I’m tackling my goal by running a (parametrised) task locally (submitting via background) - this runs a tree command on the model directory - a (read-only) NFS export of the HPC where the model is run.
Specifically, my suite.rc contains a family and task along following lines:

[[LOCAL_JOB]]
    # Settings for job to be submitted on local machine
        [[[remote]]]
            # set current host (where "rose suite-run" cmd was invoked)
            host = {{ ROSE_ORIG_HOST }}
        [[[job]]]
            batch system = background

    [[model<stage>_list]]
        inherit = LOCAL_JOB

        script = """
            set -e
            echo "Listing after ${CYLC_TASK_PARAM_stage} stage:"
            tree -Difanqpugs --dirsfirst ${LIST_DIR}
            """

        [[[environment]]]
            LIST_DIR = "{{ HPC_HOME_NFS }}/{{ MODEL_DIR }}"

Result
As I’ve not directed the script’s stdout anywhere separate, so this is going to the job.out.
In the job.out, this results in something like the following, where the cylc task’s <utctimenow> INFO - started message has got mixed up (interleaved) with the tree output from the task’s script:

Suite    : mi-su173
Task Job : 20190501T0000Z/model_copy_list/01 (try 1)
User@Host: me@mypc

Listing after copy stage:
/hpc/path/to/model
[drwxr-xr-x me  users           4096 Jun  4  2019]  /hpc/path/to/model
<snip ~50 lines>
[-rw-r--r-- me  users          34497 Jun  2  2019]  /hpc/path/to/model/src/code.f90
[-rw-r--r-- me  users           1158 Jun  2  2019]  /hpc2020-03-07T14:10:45Z INFO - started
/path/to/model/src/Makefile
[-rw-r--r-- me  users           1906 Jun  2  2019]  /hpc/path/to/model/src/morecode.f90
<snip loads>
500 directories, 5000 files
2020-03-07T14:10:49Z INFO - succeeded

I’m guessing this mixing of the tree output with the task messages is because the two stdouts (task and script) aren’t explicitly {un}buffered or otherwise handled to avoid this sort of mixing.
And the size of the tree stdout here (/some other property of tree/background/other) may also contribute.

Workaround 0:
I was fine with this tree output being in the job.out: I’m just doing a visual inspection (and don’t expect to need to do this much in future - just as I debug this case), so could ignore (irrelevant) task message timestamp differences when I come to review diffs later.
I can definitely be lazy and do the same “just ignore it” approach with this stdout “collision” - inspect visually / hand-edit if really needed (there aren’t that many stages to diff).

Workaround 1:
I’m probably going to go for a slightly better approach - put my script = """<as above>""" contents into a list.sh script in the suite’s bin dir, and within that list.sh direct the tree output into its own file*.
This to better separate concerns: effectively treat the tree output as “data” worth separating from stdout (as it basically is for my purposes). A viewpoint with helpful side-effect that it avoids this sort of collision!
* and in process expand out all those opaque tree flags!

Questions
What I’m wondering is if there are alternative approaches I could have used?

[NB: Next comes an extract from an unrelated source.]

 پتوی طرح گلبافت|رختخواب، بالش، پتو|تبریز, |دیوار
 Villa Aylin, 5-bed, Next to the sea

E.g. could I redirect the script stdout within the [[model<stage>_list]] task in suite.rc? Something like:
script = list.sh 1> ${CYLC_TASK_WORK_DIR}\list.stdout 2>${CYLC_TASK_WORK_DIR}\list.stderr
Can’t see anything in docs/tuts indicating this sort of script stdout/err redirection within suite.rc is possible - I may be missing something though.
The nearest I can see is the note covering PBS stdout in https://cylc.github.io/doc/built-sphinx-single/index.html#task-stdout-and-stderr-logs, but don’t think this applies to my (background-submitted) job here, unless I’m (again) missing something?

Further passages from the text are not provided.